Page 9 of Louis


Font Size:

“Look, Lou, I can’t tell you it’s only stress,” I say, keeping my voice low and steady.

He flinches slightly but keeps holding my gaze as he stands in front of me, his chest rising and falling with quick, shallow breaths.

“Normally, stress might make you dream about missing the team bus or trying to play goal without your skates. Stupid shit like that,” I say. “Stress makes you grind your teeth. It doesn’t make you question who you are.”

“I’m thirty-four fucking years old.” His voice is almost pleading. He runs his hands over his face and steps back to the window, looking out at the skyline again. “I know who I am. No one goes to bed straight one night and wakes up queer the next morning. That’s not how it works.”

“Says who?” I ask softly.

He snaps his gaze to mine in the reflection.

I take a step closer. I’m treading on dangerous ground here. I haven’t told a soul in this league about my sexuality. About the fact that I’m more interested in the wine, not the label or the shape of the bottle it’s in. I’m not sure I want to hand that information over to the guy whose job I’m chasing, but I can’t stomach the thought of leaving him hanging out there all alone after basically coming out to me.

“You think there’s a deadline on figuring out who you are?” I ask. “Like you have to file all your paperwork by age twenty-one or the government comes after you?”

He lets out a shaky breath. “Feels like it should be filed by thirty-four.”

I give him what I hope is a reassuring smile. “Look, Louis. Just because you find a new room in the house you’ve been living in for thirty-four years doesn’t mean the whole place is burning down. Maybe it means you have more rooms than you thought.”

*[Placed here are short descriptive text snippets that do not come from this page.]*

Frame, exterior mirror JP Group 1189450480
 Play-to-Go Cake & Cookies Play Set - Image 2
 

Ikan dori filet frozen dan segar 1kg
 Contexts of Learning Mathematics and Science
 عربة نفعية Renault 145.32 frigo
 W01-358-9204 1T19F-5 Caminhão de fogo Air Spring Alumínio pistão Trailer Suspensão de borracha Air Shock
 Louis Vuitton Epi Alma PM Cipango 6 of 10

Louis doesn’t answer. He stares out the window at the steam rising from the buildings.

I step closer, laying my hand on his bare shoulder, attempting to reassure him. I half expect him to shrug me off and make a joke, but he doesn’t.

Instead, he surprises me by letting out a long, ragged exhale and leaning into my touch. He rests his forehead against the cold window glass and lets out a big sigh.

“I guess I thought that part of my life was figured out already,” he murmurs. “But I guess my sexuality is one more thing I don’t have nailed down yet.”

“Hey. Would it be such a bad thing?” I ask gently. My hand is still on his shoulder, and I squeeze gently, trying to offer him as much support as I can.

He takes a deep breath. “No. I don’t think so. Not really. I mean, obviously, Rylan’s my best friend, and I don’t give a shit who he loves. I’m so happy he found Jamie. And my family is completely fine with it—that’s no big thing. I think it’s fucking me up because it’s not something I ever considered. Even after I found out about Ry. It never crossed my mind that I might be… queer. It’s an adjustment, I guess.”

“I get that,” I say, because I do. “A big change in how you see yourself can throw you for a loop.” My voice has droppedan octave, and I realize I’ve been tracing slow circles against the warm skin of his shoulder with my thumb.

“Wait,” he says, lifting his forehead off the glass and looking at me with wide eyes over his shoulder. “Are—Tanner, are you…?”

His voice trails off, like he’s not sure how to finish his question. I pull my hand away from his shoulder and clear my throat, looking down for a second before snapping my eyes back to his. I refuse to be ashamed of who I am.

I nod. “Yeah. I’m pan.”

The air in the room changes instantly.

Louis turns his body, shifting so he’s facing me.

And suddenly, this conversation isn’t about Louis’s identity confusion anymore. The world narrows down to the two feet of space between us.

His dark eyes search mine, wide and vulnerable, and then, as if gravity is pulling them down, his gaze drops to my lips, and his breathing quickens.

My breath hitches. Shit. This was not part of the plan.

I could close the gap between us right now and take his mouth. He wouldn’t stop me. He wants me to—I know it right down to my bones.

My pulse hammers in my throat. The memory of his hand holding mine when he helped me up this morning flashes through my mind. Fuck, I want to taste him.

His tongue darts out, moistening his lips, and suddenly, I’m very aware that my dick is hard as a rock.

This is a horrible idea. Beyond horrible. He’s spiraling, he’s exhausted after not sleeping properly for weeks, and he’s just experienced a huge revelation about himself. He’s emotional and reaching for me because I feel like the only solid thing he can hold on to right now.

Kissing him would be a really fucking dumb thing to do. And I don’t make dumb mistakes.